## WORK ORDER:
Print, from the listing below, the lines starting at the line containing "Electroplated Natural Quartz" and ending at the line containing "Commix 6-Piece Down", exactly as they stand, and print nothing else.

## DATA:
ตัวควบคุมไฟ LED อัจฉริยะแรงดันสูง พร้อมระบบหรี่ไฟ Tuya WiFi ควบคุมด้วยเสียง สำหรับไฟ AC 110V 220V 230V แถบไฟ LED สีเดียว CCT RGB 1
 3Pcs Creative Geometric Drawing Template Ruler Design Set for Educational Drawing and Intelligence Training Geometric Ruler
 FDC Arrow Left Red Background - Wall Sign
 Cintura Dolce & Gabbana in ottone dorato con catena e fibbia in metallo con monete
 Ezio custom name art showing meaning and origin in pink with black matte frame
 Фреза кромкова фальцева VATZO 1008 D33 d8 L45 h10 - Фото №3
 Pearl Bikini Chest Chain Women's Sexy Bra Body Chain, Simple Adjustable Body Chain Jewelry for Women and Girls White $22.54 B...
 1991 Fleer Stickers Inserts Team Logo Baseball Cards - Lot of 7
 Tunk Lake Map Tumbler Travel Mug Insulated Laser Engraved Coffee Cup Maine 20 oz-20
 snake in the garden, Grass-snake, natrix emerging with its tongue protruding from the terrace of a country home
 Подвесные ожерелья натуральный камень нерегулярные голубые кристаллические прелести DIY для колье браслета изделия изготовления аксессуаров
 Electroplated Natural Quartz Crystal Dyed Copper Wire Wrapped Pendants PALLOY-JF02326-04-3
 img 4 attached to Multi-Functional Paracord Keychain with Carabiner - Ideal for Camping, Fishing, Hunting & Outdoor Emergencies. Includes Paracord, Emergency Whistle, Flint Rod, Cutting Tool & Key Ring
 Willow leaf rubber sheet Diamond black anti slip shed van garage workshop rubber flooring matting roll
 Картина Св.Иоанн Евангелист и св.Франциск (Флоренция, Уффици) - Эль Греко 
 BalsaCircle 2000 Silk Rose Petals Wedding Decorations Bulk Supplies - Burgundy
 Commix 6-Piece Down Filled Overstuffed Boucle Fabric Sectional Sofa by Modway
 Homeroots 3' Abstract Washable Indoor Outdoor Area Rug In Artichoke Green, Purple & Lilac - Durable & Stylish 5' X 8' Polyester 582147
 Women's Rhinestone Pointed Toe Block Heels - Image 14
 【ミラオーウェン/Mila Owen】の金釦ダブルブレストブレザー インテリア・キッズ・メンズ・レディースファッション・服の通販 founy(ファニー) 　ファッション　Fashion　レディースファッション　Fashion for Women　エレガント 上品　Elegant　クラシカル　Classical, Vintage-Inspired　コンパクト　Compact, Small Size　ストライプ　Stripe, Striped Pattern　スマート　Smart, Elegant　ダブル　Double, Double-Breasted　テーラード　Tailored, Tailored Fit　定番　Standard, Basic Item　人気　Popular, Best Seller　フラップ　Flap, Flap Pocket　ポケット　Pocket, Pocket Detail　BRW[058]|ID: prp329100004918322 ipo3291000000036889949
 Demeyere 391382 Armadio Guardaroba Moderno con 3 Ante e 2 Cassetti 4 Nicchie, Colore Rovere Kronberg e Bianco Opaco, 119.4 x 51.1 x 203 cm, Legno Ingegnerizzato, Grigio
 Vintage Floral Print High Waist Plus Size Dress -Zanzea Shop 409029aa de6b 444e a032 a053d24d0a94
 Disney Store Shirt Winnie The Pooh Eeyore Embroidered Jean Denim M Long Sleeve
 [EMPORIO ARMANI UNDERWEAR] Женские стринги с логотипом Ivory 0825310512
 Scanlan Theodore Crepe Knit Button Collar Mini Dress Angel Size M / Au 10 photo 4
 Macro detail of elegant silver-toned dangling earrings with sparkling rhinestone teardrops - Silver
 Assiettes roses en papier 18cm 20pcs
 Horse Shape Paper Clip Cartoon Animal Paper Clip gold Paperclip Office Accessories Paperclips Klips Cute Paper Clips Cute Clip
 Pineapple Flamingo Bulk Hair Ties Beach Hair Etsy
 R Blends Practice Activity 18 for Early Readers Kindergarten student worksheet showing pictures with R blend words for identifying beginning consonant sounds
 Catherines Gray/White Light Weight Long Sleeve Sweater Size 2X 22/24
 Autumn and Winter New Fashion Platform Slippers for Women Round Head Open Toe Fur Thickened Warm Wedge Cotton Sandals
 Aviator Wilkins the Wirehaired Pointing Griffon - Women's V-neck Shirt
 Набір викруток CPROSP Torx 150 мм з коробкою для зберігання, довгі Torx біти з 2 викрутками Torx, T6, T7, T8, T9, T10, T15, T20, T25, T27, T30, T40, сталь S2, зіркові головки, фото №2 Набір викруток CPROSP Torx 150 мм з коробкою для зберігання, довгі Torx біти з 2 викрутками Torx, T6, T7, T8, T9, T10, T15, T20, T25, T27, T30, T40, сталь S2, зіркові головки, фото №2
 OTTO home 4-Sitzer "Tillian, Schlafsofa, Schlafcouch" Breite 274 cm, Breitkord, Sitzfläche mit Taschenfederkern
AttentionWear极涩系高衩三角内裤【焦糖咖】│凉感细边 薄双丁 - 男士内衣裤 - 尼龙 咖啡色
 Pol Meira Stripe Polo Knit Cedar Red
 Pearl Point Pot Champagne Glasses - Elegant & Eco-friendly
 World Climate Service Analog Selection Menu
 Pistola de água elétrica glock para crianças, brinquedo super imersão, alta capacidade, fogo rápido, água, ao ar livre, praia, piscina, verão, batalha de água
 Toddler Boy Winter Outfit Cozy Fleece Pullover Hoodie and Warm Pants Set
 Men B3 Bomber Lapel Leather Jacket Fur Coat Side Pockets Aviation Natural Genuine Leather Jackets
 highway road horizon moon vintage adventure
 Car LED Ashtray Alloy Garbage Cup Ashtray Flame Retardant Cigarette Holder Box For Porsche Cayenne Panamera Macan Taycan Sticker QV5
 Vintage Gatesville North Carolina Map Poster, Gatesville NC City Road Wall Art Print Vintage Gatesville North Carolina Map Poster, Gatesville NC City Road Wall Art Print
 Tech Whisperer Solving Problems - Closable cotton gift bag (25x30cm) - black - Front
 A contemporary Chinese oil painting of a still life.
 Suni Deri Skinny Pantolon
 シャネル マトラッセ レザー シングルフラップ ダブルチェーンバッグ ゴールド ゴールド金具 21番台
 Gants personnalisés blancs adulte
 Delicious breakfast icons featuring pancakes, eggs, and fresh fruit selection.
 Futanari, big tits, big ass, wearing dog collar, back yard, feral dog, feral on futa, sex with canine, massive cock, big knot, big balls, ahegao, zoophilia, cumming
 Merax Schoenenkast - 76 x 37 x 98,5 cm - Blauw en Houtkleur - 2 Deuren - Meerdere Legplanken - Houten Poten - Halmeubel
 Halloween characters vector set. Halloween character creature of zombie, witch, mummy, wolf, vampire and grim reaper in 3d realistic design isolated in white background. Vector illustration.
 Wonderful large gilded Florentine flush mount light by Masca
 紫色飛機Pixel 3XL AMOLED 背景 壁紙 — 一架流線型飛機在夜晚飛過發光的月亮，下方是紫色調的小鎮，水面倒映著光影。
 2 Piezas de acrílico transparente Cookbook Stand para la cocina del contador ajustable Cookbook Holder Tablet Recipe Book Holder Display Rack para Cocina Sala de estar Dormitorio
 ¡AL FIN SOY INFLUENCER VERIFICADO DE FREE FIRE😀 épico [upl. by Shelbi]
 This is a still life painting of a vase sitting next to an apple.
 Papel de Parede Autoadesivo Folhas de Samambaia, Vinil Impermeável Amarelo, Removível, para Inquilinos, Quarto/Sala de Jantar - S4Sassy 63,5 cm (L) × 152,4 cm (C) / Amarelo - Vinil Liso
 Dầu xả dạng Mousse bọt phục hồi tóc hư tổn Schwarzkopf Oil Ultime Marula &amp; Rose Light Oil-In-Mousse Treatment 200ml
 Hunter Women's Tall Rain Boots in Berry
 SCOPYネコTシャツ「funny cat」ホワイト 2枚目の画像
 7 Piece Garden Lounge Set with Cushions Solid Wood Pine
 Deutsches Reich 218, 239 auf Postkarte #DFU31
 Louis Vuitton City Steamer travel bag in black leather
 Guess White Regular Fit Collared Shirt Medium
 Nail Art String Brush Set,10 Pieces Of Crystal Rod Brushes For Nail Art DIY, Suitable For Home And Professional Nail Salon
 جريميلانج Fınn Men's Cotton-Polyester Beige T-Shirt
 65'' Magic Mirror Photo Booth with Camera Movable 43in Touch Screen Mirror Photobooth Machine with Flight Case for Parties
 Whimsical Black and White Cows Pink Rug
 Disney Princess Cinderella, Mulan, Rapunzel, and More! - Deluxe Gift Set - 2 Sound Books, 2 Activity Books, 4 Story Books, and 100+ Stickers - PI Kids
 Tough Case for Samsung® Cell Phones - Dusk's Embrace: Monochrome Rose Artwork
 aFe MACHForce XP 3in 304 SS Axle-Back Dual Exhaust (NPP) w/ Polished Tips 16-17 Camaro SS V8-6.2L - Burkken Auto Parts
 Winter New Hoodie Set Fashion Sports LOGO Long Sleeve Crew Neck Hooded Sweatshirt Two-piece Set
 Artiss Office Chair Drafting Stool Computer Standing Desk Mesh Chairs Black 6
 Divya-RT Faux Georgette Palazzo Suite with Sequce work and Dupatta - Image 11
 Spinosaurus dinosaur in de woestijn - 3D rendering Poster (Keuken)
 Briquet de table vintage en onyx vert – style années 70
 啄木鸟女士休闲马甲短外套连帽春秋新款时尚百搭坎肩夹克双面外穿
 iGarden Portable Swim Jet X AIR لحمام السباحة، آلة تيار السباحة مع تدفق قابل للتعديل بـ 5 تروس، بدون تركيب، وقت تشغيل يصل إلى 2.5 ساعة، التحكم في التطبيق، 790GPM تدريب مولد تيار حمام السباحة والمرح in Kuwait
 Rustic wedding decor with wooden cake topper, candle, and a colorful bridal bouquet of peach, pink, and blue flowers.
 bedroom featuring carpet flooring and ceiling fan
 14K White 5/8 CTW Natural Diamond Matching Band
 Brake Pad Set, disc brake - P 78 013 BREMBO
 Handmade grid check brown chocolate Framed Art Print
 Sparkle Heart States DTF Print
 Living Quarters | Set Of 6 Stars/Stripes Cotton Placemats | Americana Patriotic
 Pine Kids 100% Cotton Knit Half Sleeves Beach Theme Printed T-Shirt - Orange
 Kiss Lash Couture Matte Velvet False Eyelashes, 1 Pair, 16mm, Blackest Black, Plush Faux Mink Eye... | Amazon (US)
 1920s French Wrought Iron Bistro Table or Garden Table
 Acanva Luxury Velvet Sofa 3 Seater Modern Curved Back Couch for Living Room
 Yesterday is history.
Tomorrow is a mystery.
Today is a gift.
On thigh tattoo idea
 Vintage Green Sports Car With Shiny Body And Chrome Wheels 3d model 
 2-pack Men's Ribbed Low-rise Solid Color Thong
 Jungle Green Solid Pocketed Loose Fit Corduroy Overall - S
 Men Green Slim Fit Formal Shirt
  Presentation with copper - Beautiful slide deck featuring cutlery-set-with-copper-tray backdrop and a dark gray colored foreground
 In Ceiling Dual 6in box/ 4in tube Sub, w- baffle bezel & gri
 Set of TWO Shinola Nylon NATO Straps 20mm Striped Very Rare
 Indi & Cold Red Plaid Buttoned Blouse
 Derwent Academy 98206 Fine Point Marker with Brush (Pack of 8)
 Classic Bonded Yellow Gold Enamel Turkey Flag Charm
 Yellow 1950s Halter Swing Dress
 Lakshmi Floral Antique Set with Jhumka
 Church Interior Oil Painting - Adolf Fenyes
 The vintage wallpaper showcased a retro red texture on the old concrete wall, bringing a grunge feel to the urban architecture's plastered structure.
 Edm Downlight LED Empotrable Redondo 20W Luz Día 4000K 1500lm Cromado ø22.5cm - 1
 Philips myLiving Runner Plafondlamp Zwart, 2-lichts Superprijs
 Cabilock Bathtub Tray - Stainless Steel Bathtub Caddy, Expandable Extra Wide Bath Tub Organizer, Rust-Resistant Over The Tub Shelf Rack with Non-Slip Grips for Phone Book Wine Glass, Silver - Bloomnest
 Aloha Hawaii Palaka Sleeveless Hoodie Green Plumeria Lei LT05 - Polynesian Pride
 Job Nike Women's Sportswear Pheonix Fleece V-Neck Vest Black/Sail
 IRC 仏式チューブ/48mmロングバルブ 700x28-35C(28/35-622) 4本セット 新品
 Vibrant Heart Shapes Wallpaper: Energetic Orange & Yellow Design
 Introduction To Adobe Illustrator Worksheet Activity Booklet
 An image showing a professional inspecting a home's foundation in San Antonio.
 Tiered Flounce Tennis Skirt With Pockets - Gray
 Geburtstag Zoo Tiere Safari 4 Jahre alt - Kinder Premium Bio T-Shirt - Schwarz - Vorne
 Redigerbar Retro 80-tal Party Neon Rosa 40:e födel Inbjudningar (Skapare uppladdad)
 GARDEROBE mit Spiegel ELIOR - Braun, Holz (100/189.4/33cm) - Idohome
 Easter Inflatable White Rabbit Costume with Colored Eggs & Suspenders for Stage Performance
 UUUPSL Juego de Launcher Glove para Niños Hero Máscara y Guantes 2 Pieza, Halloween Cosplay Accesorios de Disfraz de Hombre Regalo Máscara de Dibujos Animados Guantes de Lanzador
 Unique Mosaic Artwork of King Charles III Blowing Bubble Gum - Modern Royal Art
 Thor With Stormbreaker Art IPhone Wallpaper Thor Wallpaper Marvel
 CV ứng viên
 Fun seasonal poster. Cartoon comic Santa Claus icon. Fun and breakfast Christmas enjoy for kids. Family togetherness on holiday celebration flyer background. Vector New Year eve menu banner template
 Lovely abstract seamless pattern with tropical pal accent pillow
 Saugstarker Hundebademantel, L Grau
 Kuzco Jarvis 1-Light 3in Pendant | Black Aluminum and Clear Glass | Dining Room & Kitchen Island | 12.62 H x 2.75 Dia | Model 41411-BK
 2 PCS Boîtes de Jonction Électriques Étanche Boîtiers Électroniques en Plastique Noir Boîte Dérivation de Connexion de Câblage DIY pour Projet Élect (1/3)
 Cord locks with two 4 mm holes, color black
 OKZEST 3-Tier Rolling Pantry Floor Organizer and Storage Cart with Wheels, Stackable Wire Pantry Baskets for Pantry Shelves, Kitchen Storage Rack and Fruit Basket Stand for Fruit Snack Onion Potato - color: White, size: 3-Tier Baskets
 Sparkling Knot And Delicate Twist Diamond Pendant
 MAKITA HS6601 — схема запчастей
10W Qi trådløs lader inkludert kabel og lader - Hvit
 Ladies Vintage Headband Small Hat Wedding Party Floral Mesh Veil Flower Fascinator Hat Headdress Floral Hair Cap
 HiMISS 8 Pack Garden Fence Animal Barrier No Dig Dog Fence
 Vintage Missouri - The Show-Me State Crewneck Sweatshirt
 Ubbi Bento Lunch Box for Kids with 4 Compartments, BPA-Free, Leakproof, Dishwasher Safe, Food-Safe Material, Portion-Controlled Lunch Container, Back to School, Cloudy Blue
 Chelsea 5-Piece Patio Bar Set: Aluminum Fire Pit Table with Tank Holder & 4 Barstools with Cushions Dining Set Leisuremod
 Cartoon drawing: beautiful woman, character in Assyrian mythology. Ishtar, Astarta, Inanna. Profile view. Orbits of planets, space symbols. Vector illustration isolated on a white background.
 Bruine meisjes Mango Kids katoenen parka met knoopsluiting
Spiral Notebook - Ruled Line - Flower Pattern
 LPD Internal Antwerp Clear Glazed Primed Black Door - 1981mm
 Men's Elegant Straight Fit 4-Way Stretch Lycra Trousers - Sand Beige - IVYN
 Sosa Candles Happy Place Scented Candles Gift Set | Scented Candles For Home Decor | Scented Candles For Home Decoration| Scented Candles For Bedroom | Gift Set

## REPLY:
 Electroplated Natural Quartz Crystal Dyed Copper Wire Wrapped Pendants PALLOY-JF02326-04-3
 img 4 attached to Multi-Functional Paracord Keychain with Carabiner - Ideal for Camping, Fishing, Hunting & Outdoor Emergencies. Includes Paracord, Emergency Whistle, Flint Rod, Cutting Tool & Key Ring
 Willow leaf rubber sheet Diamond black anti slip shed van garage workshop rubber flooring matting roll
 Картина Св.Иоанн Евангелист и св.Франциск (Флоренция, Уффици) - Эль Греко 
 BalsaCircle 2000 Silk Rose Petals Wedding Decorations Bulk Supplies - Burgundy
 Commix 6-Piece Down Filled Overstuffed Boucle Fabric Sectional Sofa by Modway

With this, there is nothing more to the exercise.